RECORDS TO USE section start

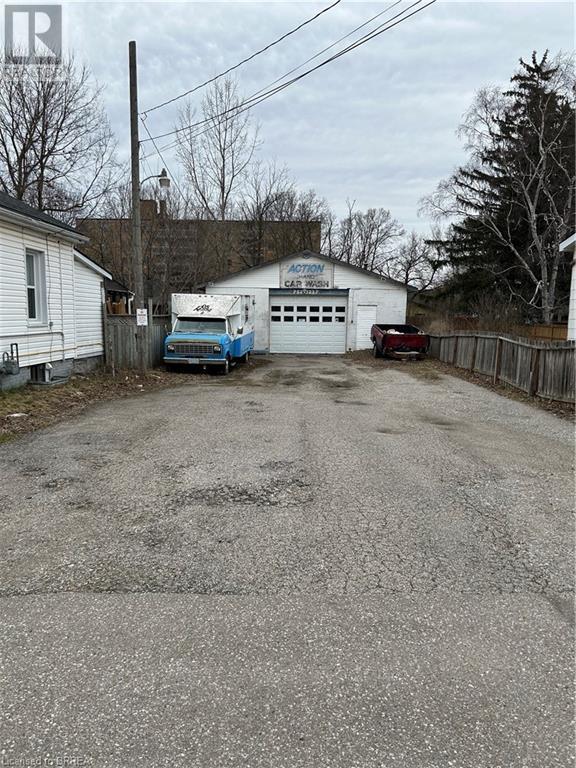 32 North Park Street, Brantford, Ontario  N3R 4J6 - Photo 2 - 40713478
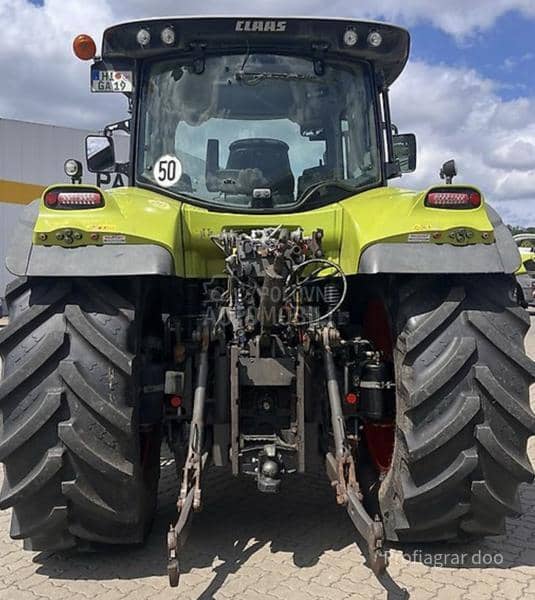 Claas Arion 650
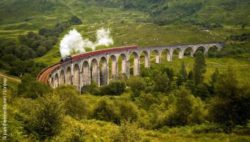 Foto: Ein Zug fährt über das Glenfinnan Viaduct in Schottland, bekannt aus den Harry Potter-Filmen; Copyright: panthermedia.net/stroop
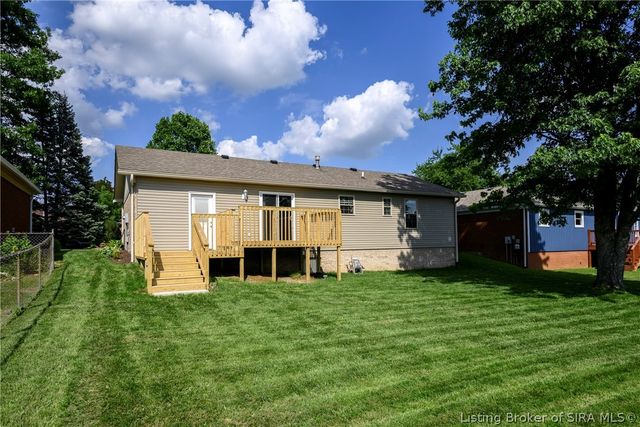 4207 Glenbrook E, New Albany, IN 47150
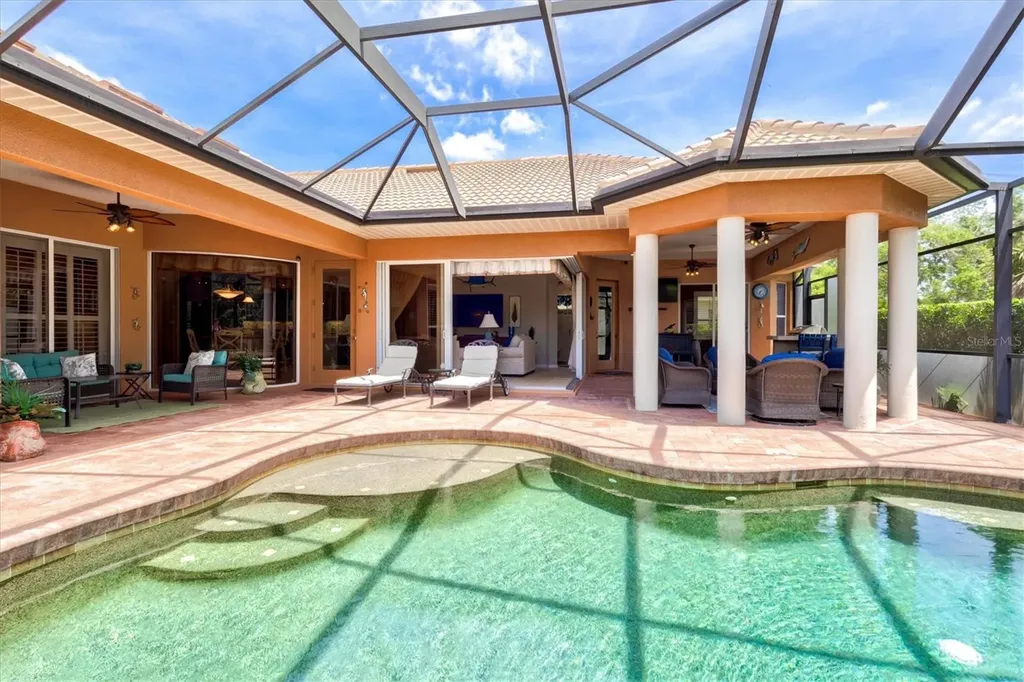 315 Petrel Trail Bradenton FL 34212
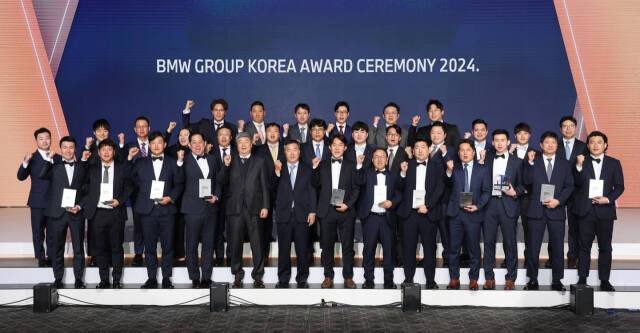 ’BMW 그룹 코리아 어워드 2024’에서 수상한 삼천리 모터스 임직원 단체사진. 삼천리 모터스 제공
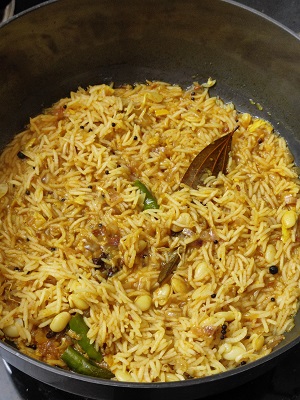 Valachi Khichadi | Dalimbi Bhaat | Vaal Bhaat (वालाची खिचडी / डाळिंबी भात) https://thespicycafe.com/wp-content/uploads/2023/03/03-valachi-khichdi-khichadi-maharashtrian-traditional-authentice-dalimbi-bhat-bhaat-masale-bhat-vegan-vegetarian-festive-easy-quick-simple-indian-pulao-biryani-kadve-vaal-1.jpg https://thespicycafe.com/valachi-khichdi-dalimbi-bhaat-recipe/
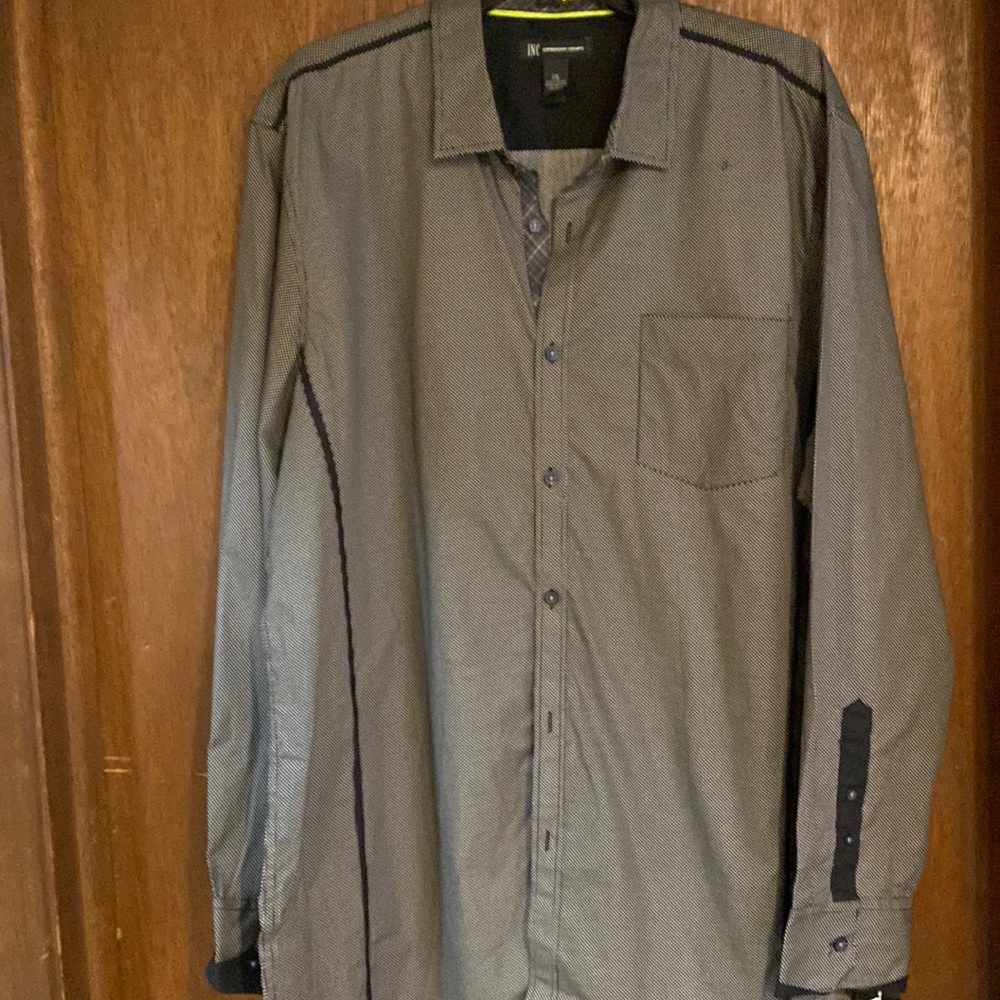 Mens new button down shirt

RECORDS TO USE section end

WHAT NEEDS TO BE DONE:
Only the lines from the one containing "4207 Glenbrook E, New Albany, IN 47150" through the final line of the material should appear in the answer, copied exactly and without any picture.

WRITTEN REPLY:
 4207 Glenbrook E, New Albany, IN 47150
 315 Petrel Trail Bradenton FL 34212
 ’BMW 그룹 코리아 어워드 2024’에서 수상한 삼천리 모터스 임직원 단체사진. 삼천리 모터스 제공
 Valachi Khichadi | Dalimbi Bhaat | Vaal Bhaat (वालाची खिचडी / डाळिंबी भात) https://thespicycafe.com/wp-content/uploads/2023/03/03-valachi-khichdi-khichadi-maharashtrian-traditional-authentice-dalimbi-bhat-bhaat-masale-bhat-vegan-vegetarian-festive-easy-quick-simple-indian-pulao-biryani-kadve-vaal-1.jpg https://thespicycafe.com/valachi-khichdi-dalimbi-bhaat-recipe/
 Mens new button down shirt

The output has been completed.